London's Mayor: Bike Share Will Civilize New York
Monday, June 11, 2012 - 02:49 PM
(New York, NY - WNYC) When we heard that Boris Johnson, Mayor of London, would be sitting for an interview with show host Leonard Lopate in a studio at WNYC, we made sure to plant a transportation question.
Johnson: My advice is, 'Enjoy it.' I think it's high time that New York had it. It's a great scheme; it will go well.
Johnson then described how London's bikeshare program has transformed street life in Great Britain's capital city, and what New Yorkers should brace for.
Johnson: I think drivers have got to learn to recognize they are going to find bikes on the streets. It's just a fact of life, and it will civilize the place. It will improve the atmosphere. There's nothing more immediately redolent of a village than loads of people wobbling around on bicycles.
Understandably, Lopate was suspicious of the idea that New Yorkers could be civilized, especially compared to Londoners.
Lopate: London's always had a bicycle culture. And bicyclists, at least when I rode around London, actually observed the traffic rules. We would signal left turn, right turn, and not go through red lights. That doesn't happen in this city. Has there been the kind of war between drivers and bicyclists that we've seen in New York?
Johnson: I wish everybody was as punctilious as you are, Leonard. I'm going to have to confess to you that we've got some bad habits now in London. There's loads of people who jump red lights, ride on the pavement, intimidate pedestrians and disobey the rules of the road. If any of them are listening, they know who they are.

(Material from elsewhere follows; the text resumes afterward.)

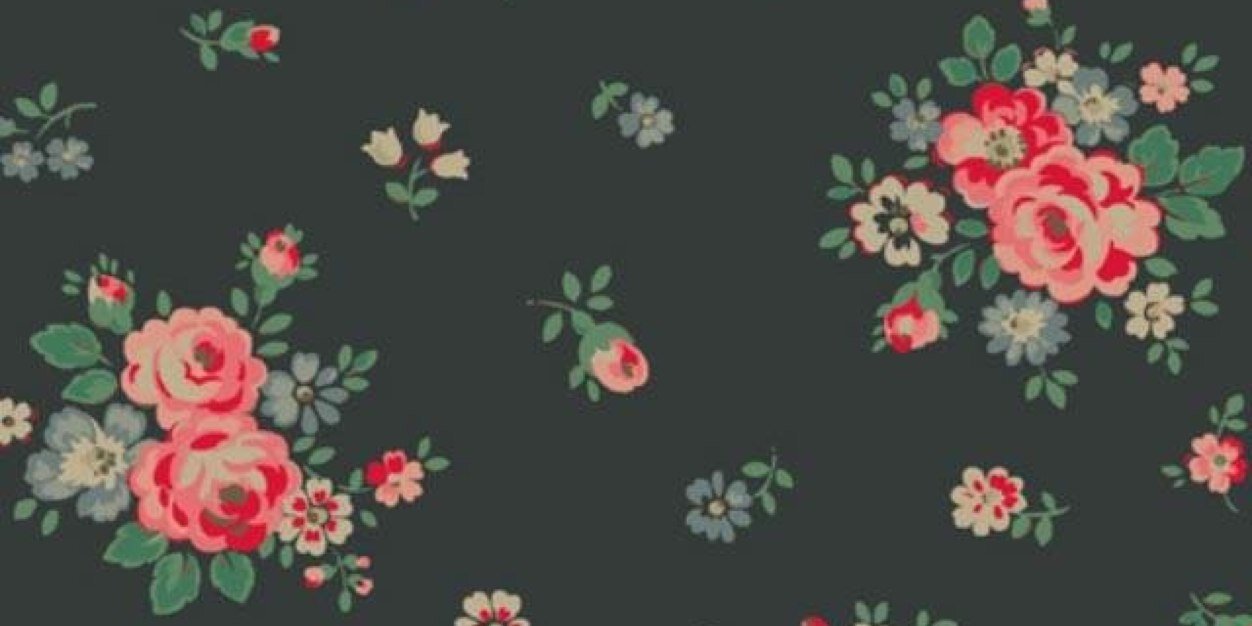 36ch03's profile banner image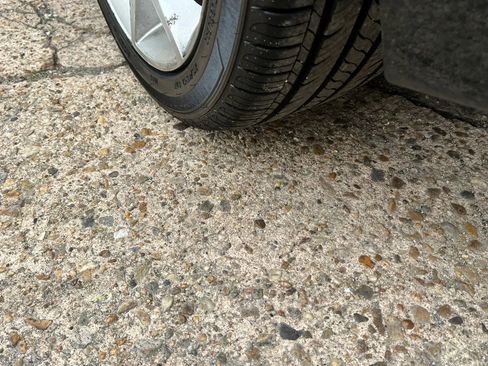 Used 2008 Hyundai Tiburon GT image 13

Despite such problems, bikeshares have come a long way since the 1960s, when a Dutch anarchist group collected several hundred bicycles, painted them white and left them lying around Amsterdam to be used for free--a bold stroke that inspired this super-groovy song. Today's bikeshares, like Barclay Cycle Hire in London, tend to be organized, branded and growing.
Johnson: We've seen a massive expansion of cycling in London. Last year alone, it's gone up 15 percent. The cycle scheme we've got in is expanding very fast. We're at something like 40,000 rides a day. We will go further.
Still, the Mayor of London ended with a cautionary note about the need for police to crack down on bad actors.
Johnson: But there's got to be a reciprocal understanding by cyclists that they've got to obey the rules of the road.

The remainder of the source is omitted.